Provided material:
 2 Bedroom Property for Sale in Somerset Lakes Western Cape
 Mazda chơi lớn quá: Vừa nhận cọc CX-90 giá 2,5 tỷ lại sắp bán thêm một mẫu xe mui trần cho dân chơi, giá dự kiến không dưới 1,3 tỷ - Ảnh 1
---
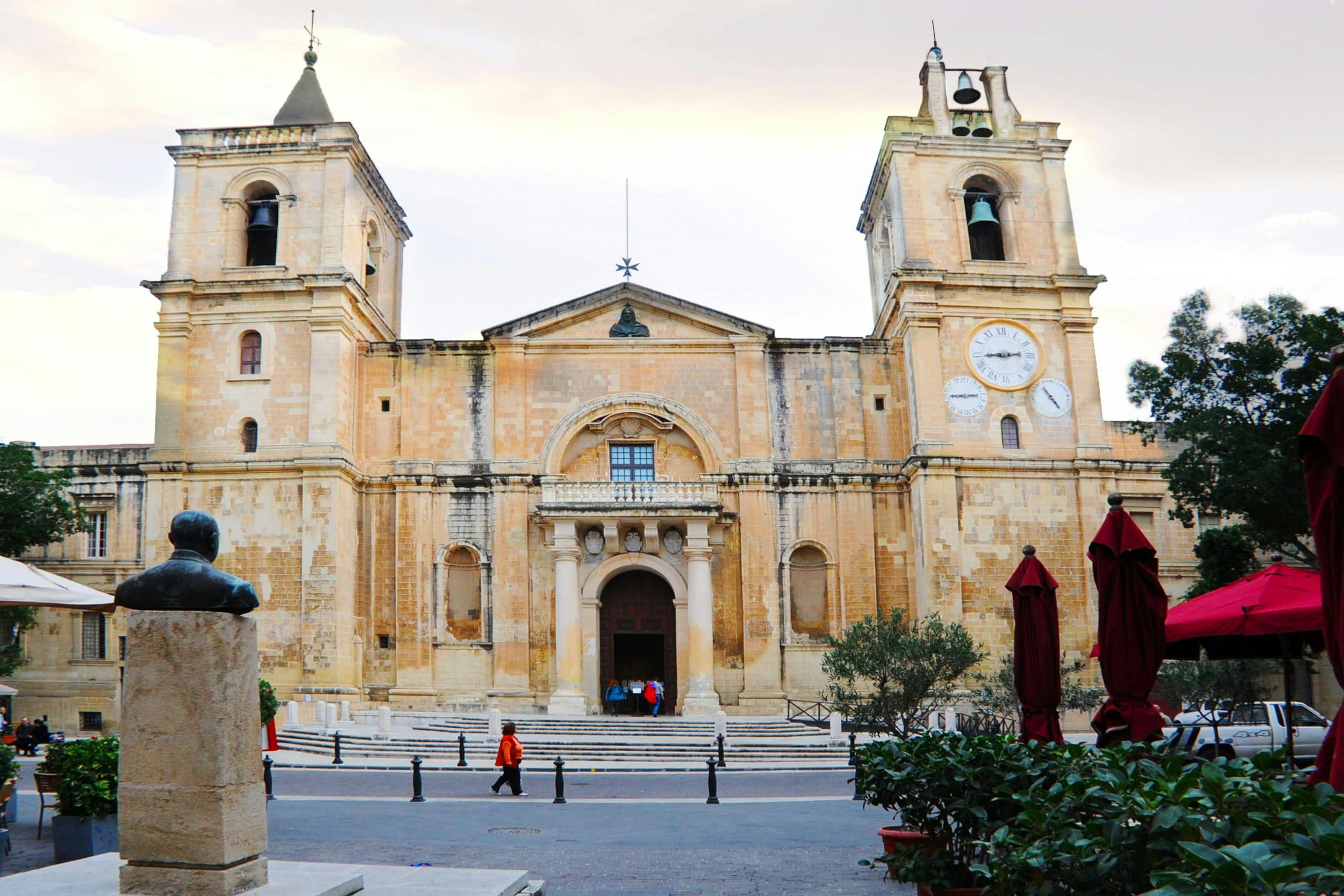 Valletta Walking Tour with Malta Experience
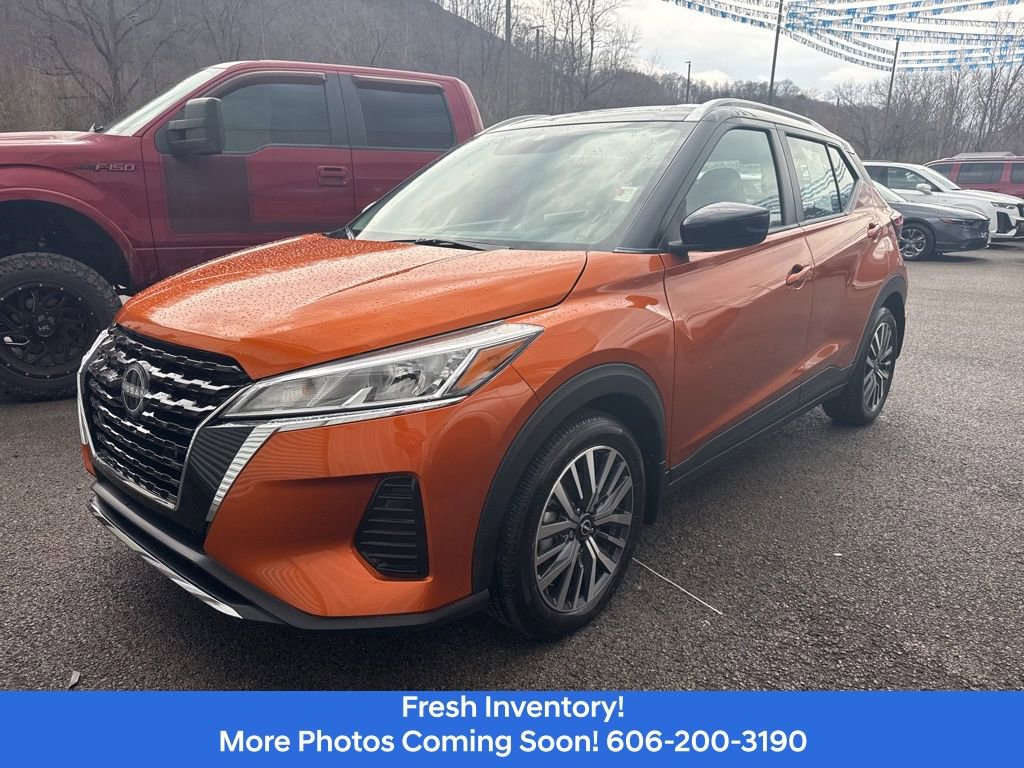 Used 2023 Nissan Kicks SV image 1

Work item:
Using the entries above, output exactly the lines between the line holding "2 Bedroom Property" and the line holding "Mazda chơi lớn", end lines included, and nothing more.

Solution to the problem:
 2 Bedroom Property for Sale in Somerset Lakes Western Cape
 Mazda chơi lớn quá: Vừa nhận cọc CX-90 giá 2,5 tỷ lại sắp bán thêm một mẫu xe mui trần cho dân chơi, giá dự kiến không dưới 1,3 tỷ - Ảnh 1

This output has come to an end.